:: SUPPLIED ENTRIES

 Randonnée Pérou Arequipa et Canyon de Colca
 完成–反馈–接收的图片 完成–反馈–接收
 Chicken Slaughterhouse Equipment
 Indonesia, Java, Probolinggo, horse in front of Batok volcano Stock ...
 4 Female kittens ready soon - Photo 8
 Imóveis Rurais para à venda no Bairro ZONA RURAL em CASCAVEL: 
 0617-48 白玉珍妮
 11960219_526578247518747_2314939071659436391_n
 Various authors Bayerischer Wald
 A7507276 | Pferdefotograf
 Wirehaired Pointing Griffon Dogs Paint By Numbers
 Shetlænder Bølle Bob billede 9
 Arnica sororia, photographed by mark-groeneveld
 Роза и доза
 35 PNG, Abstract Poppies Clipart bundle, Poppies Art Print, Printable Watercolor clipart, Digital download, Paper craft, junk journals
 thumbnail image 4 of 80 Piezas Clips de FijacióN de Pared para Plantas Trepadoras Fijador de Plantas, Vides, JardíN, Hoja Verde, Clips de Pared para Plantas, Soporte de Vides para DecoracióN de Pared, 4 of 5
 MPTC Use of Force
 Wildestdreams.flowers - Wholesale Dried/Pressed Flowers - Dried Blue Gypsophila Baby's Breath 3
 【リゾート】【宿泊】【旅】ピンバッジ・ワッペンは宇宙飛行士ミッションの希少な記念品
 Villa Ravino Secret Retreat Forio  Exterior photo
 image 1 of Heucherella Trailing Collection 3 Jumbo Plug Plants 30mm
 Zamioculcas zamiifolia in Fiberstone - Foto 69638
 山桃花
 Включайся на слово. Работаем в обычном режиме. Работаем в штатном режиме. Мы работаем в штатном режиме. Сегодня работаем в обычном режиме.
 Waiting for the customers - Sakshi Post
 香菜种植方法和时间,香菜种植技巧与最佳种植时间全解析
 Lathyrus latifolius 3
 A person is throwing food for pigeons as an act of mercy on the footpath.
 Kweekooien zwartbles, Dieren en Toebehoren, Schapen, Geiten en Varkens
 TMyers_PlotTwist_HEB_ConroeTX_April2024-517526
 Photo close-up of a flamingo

::::

PROBLEM:
Look above for the line with "Waiting for the customers - Sakshi Post", then copy it and each later line exactly, stopping at the last line of the records.

WRITTEN SOLUTION:
 Waiting for the customers - Sakshi Post
 香菜种植方法和时间,香菜种植技巧与最佳种植时间全解析
 Lathyrus latifolius 3
 A person is throwing food for pigeons as an act of mercy on the footpath.
 Kweekooien zwartbles, Dieren en Toebehoren, Schapen, Geiten en Varkens
 TMyers_PlotTwist_HEB_ConroeTX_April2024-517526
 Photo close-up of a flamingo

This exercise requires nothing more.